Sahel Turnaround
Desertification and rolling droughts are threatening vast tracks of Africa’s fragile Sahel belt, but today, WFP and partners are helping to turn back the advancing sands and depleted soils — and to give local communities the tools to build durable futures.
Hama Heinikoye remembers when the tall plateau looming over the Nigerien village of Darey was sprinkled with trees and grasses — and children feared crossing it because of wild animals.
“They’d attack our goats…whooey, whooey,” said the thin, septuagenarian village chief, imitating the marauding wildlife that he claims included lions. Darey residents seated around him chuckled appreciatively. But Heinikoye’s memories are no laughing matter.
Over the years, the wild animals and plants disappeared, victims of encroaching sand, soil erosion and rolling droughts. By the time Hama was in his fourties, the vast plateau in southwestern Niger was a barren expanse of rocky, unfertile soil.
Today, the lands are greening again, and not just because of seasonal rains. Trees and grasses are growing along the hard red ridgeline crisscrossed with irrigation canals. Corn and cassava plants are blooming in the terraced fields below. The metamorphosis comes thanks to a government-led drive against desertification, supported by the United Nations World Food Programme (WFP) and other key partners.
“Hunger and desertification often go hand-in-hand, especially in the Sahel,” said Abdou Dieng, WFP Regional Director for West and Central Africa. “Many people face tough choices: to suffer, migrate or resort to harmful practices — even to tip into extremism. We must, and we can, offer them real options.”
Altogether, some 65 percent of arable land is seriously affected or lost in Africa since 1965, experts say. Much of the land degradation is taking place in the vast Sahel belt, which stretches from Mauritania eastward to Sudan. The fallout is not just in denuded landscapes, but also in deepening hunger and a surge of migration in search of work.
But slowly, this bleak picture is changing, thanks to strong commitment by governments and other actors. In half-a-dozen West and Central African countries, a mix of initiatives by WFP and other partners is beginning to deliver results.
They include rehabilitating agricultural land and planting trees on the once-desolate plateau near Darey, located roughly 135 km north of the capital Niamey.
“Before the project, the plateau was completely bare, and when it rained, the water would just pour into the ravines,” said 47-year-old Gambi Issoufou, one of the many village women involved in the land rehabilitation project. “But now, we understand we can fix that. The vegetation is returning.”
She joined roughly dozen Darey villagers one recent afternoon to plant young seedlings under a hot sun, carefully dousing each with water from an irrigation ditch.
Village chief Hama planted his own tree nearby.
“We have really fought against the desert’s advance through these trees,” he said.

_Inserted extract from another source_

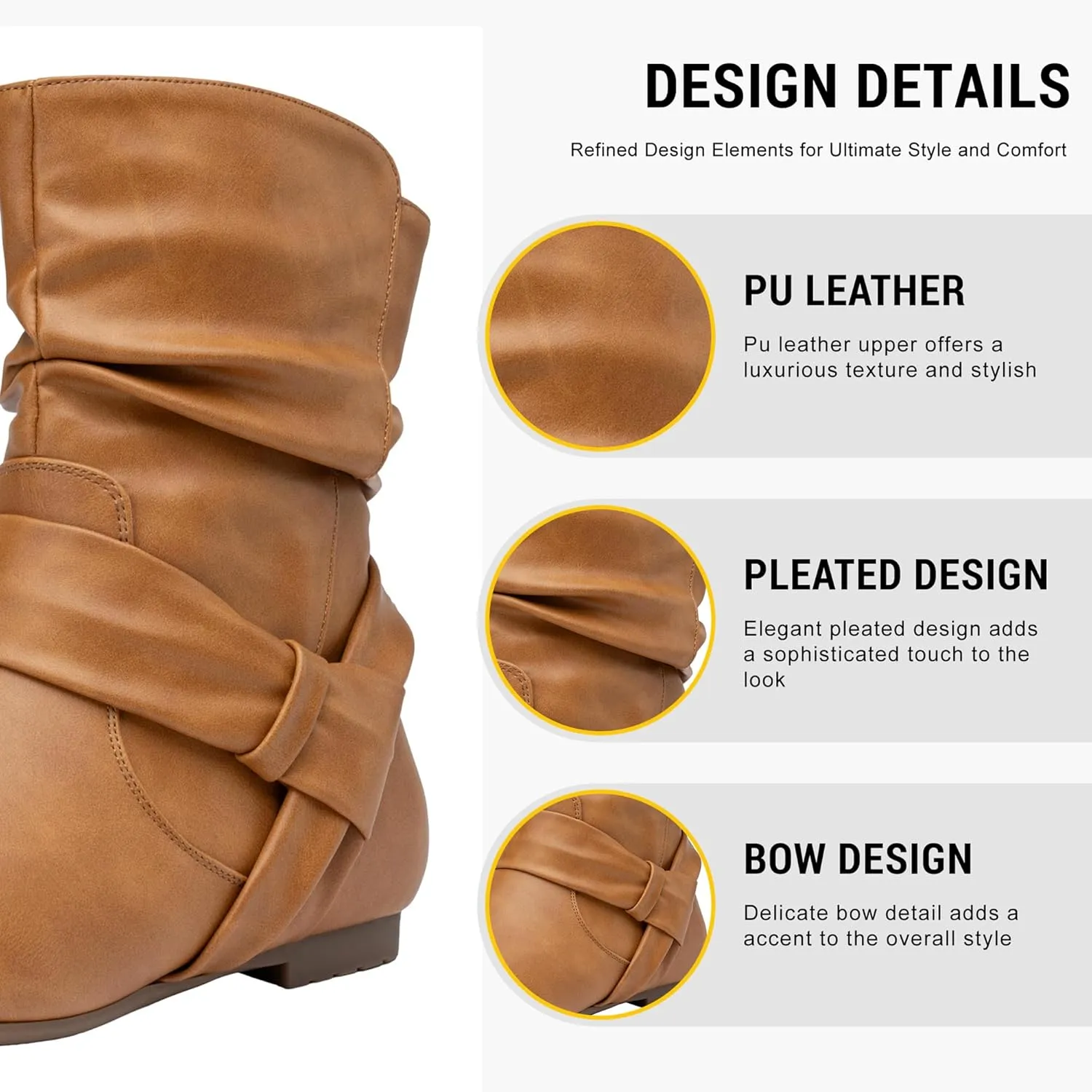 Vepose Women's Slouch Ankle Flat Boots Fashion Short Low Heel Zipper 939A Booties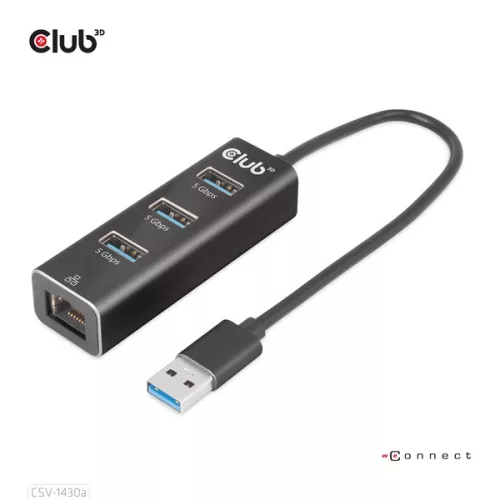 Club 3D USB Hub - CSV-1430A (3.2 USB-A to 3xUSB-A, RJ45)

Launched in 2014, the Darey project is one of several land rehabilitation initiatives supported by WFP Niger that also include nutrition and educational components.
“We also try to raise awareness so communities don’t contribute to eroding the environment they live in,” said WFP Field Monitor Hassane Balle, who helps oversee the Darey initiative.
Similar land rehabilitation efforts are underfoot in several other parts of Niger and neighboring Chad. In the west-central Bahr El Gazel region, some farmers are planting literal ‘living hedges’ against the encroaching sand dunes.
“It also protects our fields against animals,” said 40-year-old Fatima Haki, a mother of eight.
Fatima counts among more than 300 farmers working at Bouloungou wadi, where the hedge surrounds a valley of palm trees and thriving fields of maize, okra and millet.
Working in collaboration with other organizations, WFP paid the farmers cash for their labour, and financed the instalment of several motorised pumps and rain catchment basins for irrigation. The community is also learning better agricultural techniques from partners and trading tips with other participating wadis.
Many, like Fatima, are seeing sharply increased yields as a result.
“I’m going to sell some of the surplus to buy family necessities,” she said, “and also invest back into the land so my harvests are even bigger.”
Like many others, her husband works as a day laborer. Other local residents have migrated to N’Djamena or further afield, often leaving women in charge of farming.
Now, with Bouloungou yielding greater harvests, Fatima hopes her husband will return.
“We can’t prevent desertification on our own, but now we have this living hedge and we are working together,” she says. “One day, we will stop the sand.”